SUKABUMIUPDATE.com - Pimpinan Cabang Federasi Serikat Pekerja Tekstil Sandang dan Kulit-Serikat Pekerja Seluruh Indonesia atau PC FSP TSK-SPSI Kabupaten Sukabumi mengaku kecewa dengan sikap Bupati Sukabumi yang merevisi rekomendasi Upah Minimum atau UMK Kabupaten Sukabumi tahun 2022.
Ketua PC FSP TSK-SPSI Kabupaten Sukabumi Mochamad Popon mengaku kecewa terhadap Bupati Sukabumi Marwan Hamami yang merevisi rekomendasi UMK tahun 2022 menjadi Rp 3.125.444,72 alias tidak naik dari UMK 2021, tanpa komunikasi dengan serikat pekerja dan Dewan Pengupahan.
"Sangat kecewa dengan sikap Bupati Sukabumi yang mengubah rekomendasi dari semula naik 5 persen menjadi tidak naik atau sesuai PP 36/2021," kata Popon usai berunjuk rasa di Gedung Sate, Bandung, Selasa, 30 November 2021.
Diketahui, Bupati Sukabumi Marwan Hamami merevisi rekomendasi Upah Minimum Kabupaten Sukabumi tahun 2022 menjadi Rp 3.125.444,72 alias tidak naik dari UMK 2021. Itu tertuang dalam surat bernomor: 561/7779-dinaskertrans tertanggal 29 November 2021 yang ditujukkan kepada Gubernur Jawa Barat.
Dalam surat tersebut, revisi ini dilakukan berdasarkan hasil evaluasi dan instruksi Gubernur Jawa Barat tanggal 29 November 2021 pukul 09.00 WIB yang dilaksanakan secara virtual. Evaluasi dan instruksi yang dimaksud membuat penyesuaian UMK mengikuti Peraturan Pemerintah Nomor 36 Tahun 2021 tentang Pengupahan.
Lebih lanjut dijelaskan, rekomendasi UMK Kabupaten Sukabumi tahun 2022 sebesar Rp 3.125.444,72 berpedoman pada ketentuan Pasal 26 Peraturan Pemerintah Nomor 36 Tahun 2021. Revisi ini pun ditentang elemen buruh karena tidak sesuai dengan rekomendasi awal hasil sidang pleno Dewan Pengupahan, Selasa, 23 November 2021.
Popon menilai, seharusnya Bupati Sukabumi tidak tunduk terhadap ancaman gubernur dan pemerintah pusat yang tidak membolehkan menaikkan UMK tahun 2022 sesuai formula Peraturan Pemerintah Nomor 36 Tahun 2021. Popon menyebut, ancaman yang dimaksud adalah peng-non-aktif-an tiga bulan dan tidak diberikan Dana Alokasi Umum.
"Karena bupati itu bukan ditunjuk oleh gubernur atau pemerintah pusat, tapi dipilih oleh rakyat," ujar dia. "Seharusnya konsisten mempertahankan rekomendasi kenaikan pertama yang mengakomodir tuntutan buruh.

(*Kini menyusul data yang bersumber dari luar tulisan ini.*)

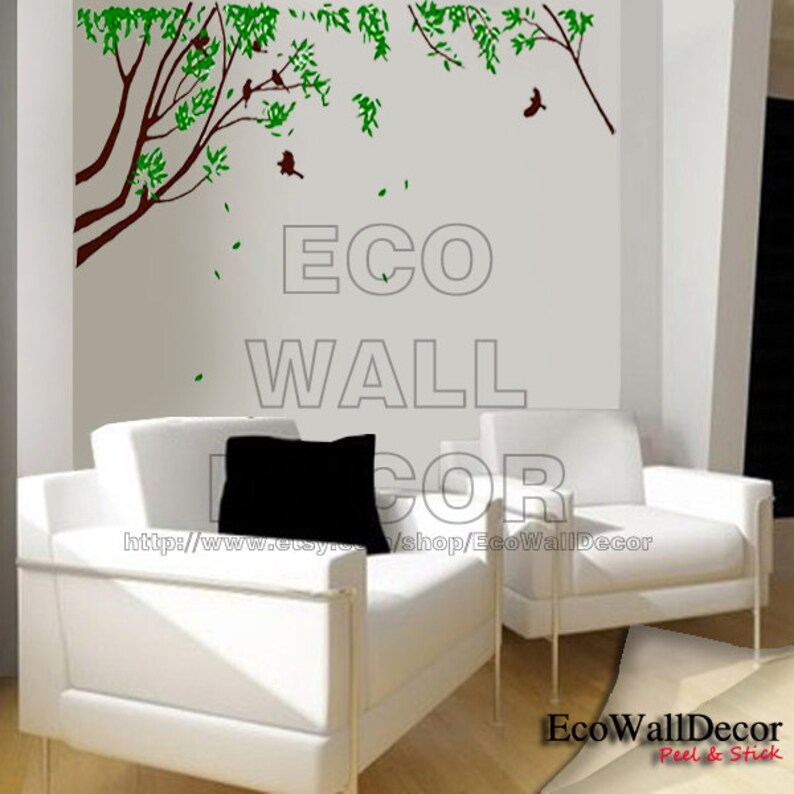 L And Stick Removable Vinyl Wall Sticker Mural Decal Art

Bukan malah mengubah sepihak tanpa dikomunikasikan dulu dengan Dewan Pengupahan, yang jelas unsur pemerintah sendiri saat itu mengusulkan kenaikan 2,5 - 3 persen," tambah Popon.
Peraturan Pemerintah Nomor 36 Tahun 2021 sendiri merujuk pada Undang-Undang Nomor 11 Tahun 2020 tentang Cipta Kerja. Popon menyebut, sudah semestinya pemerintah pun memperhatikan putusan Mahkamah Konstitusi ihwal uji formil undang-undang tersebut yang dalam putusannya menyatakan Undang-Undang Nomor 11 Tahun 2020 konstitusional, meski ada kalimat bersyarat.
"Pemerintah tidak boleh melakukan kebijakan apa pun yang terkait kepentingan strategis, di mana PP 36/2021 sendiri terkait pengupahan merupakan program strategis nasional yang semestinya ditunda atau tidak berlakukan dulu," ucapnya. "Kita akan segera melakukan langkah perlawanan dengan tetap menuntut kenaikan UMK sebagaimana yang diusulkan dalam rekomendasi bupati yang pertama," imbuh Popon.
Senada dengan Popon, Ketua Dewan Pimpinan Cabang Gabungan Serikat Buruh Indonesia atau DPC GSBI Kabupaten Sukabumi Dadeng Nazarudin mengatakan akan mendatangi Pendopo Sukabumi pada Rabu besok, 1 Desember 2021. Kedatangan tersebut bermaksud meminta pertanggungjawaban Bupati Sukabumi soal rekomendasi pertama yang menaikkan UMK tahun 2022 sebesar 5 persen.
"Besok kita akan geruduk Pendopo Sukabumi untuk meminta pertanggungjawaban bupati yang telah mengubah dari 5 menjadi nol persen. Jika bupati tidak bertanggung jawab terhadap rekomendasi awal, maka akan mogok kerja di pabrik di Kabupaten Sukabumi," kata Dadeng saat diwawancarai di Gedung Sate, Selasa, 30 November 2021.